Highways England is ending its policy of switching off some motorway lighting between midnight and 5am.
The government-owned company has maintained this policy since 2009 on 100 miles of the road network. A recent report, however, indicated that ‘lighting unlit’ sections saw casualty rates increase by 88 percent. These included non-functioning lighting, as well as lighting that was turned off. That’s a rise from 93 to 175 casualties between 2010 and 2017.
Highways England says the switch-off policy ended in 2018. This, because of the installation of more efficient LED lights and, presumably, the negligible savings a switch-off would make. It’s not yet linked the revocation of the switch-off to safety concerns.
“Safety is our top priority,” said head of road safety Richard Leonard.

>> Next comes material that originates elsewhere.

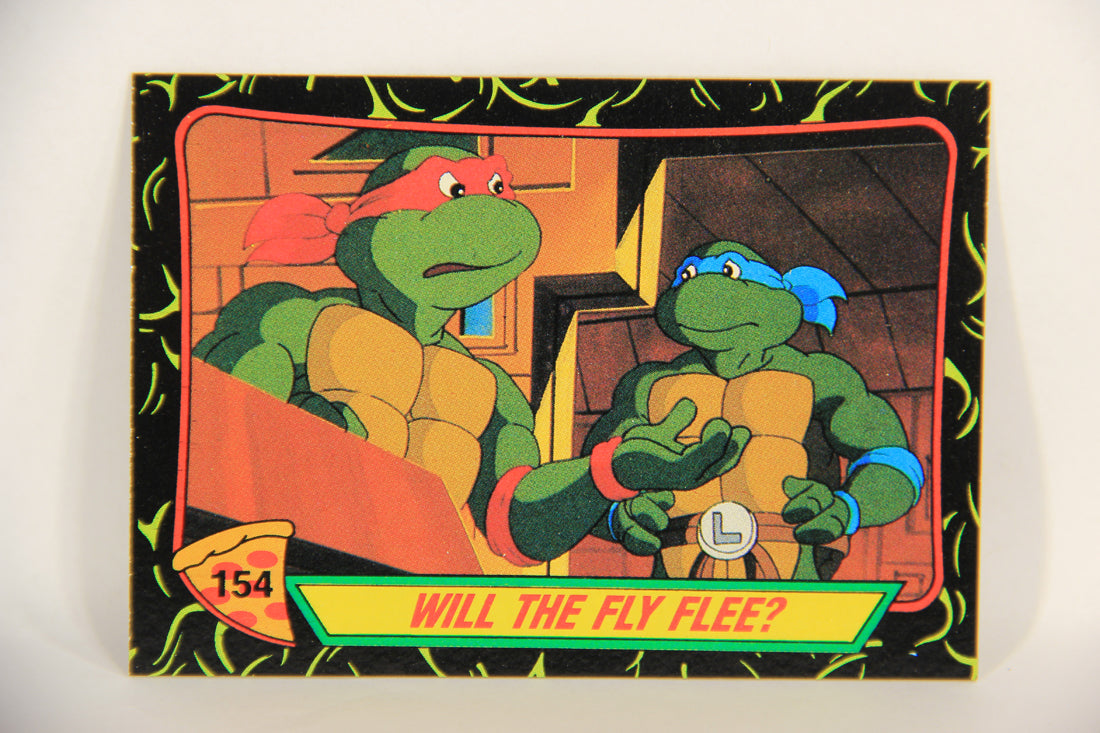 Teenage Mutant Ninja Turtles 2nd Series 1989 Trading Card #154 Will The Fly Flee L017876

“On our roads we light what needs to be lit, and we know where those locations are. We have a greater understanding of where night-time collisions occur and the impact road lighting would have. This means we can target lighting where it is needed, rather than putting lights everywhere.
“We are absolutely committed to further reducing deaths and injuries on England’s motorways and major A roads. This will require a concerted effort and investment over the long term.”
Are lit areas more dangerous?
Conversely, the company actually points out that its data suggests that ‘you are more likely to be involved in a casualty incident on a lit section of road’. This could, however, be because areas they choose to light are, by comparison, more dangerous.
Why? Because when it reviews lighting, it carries out safety risk assessments to see if it’s still needed. Therefore, if the lights are on, they’re likely needed. It’s a piece of road that lighting is viewed to help make safer, but not necessarily by comparison to roads that don’t warrant it. In short, the lights indicate that a section is viewed as less safe than those without lighting. The lighting is there to help, if only in part, but isn’t the cause.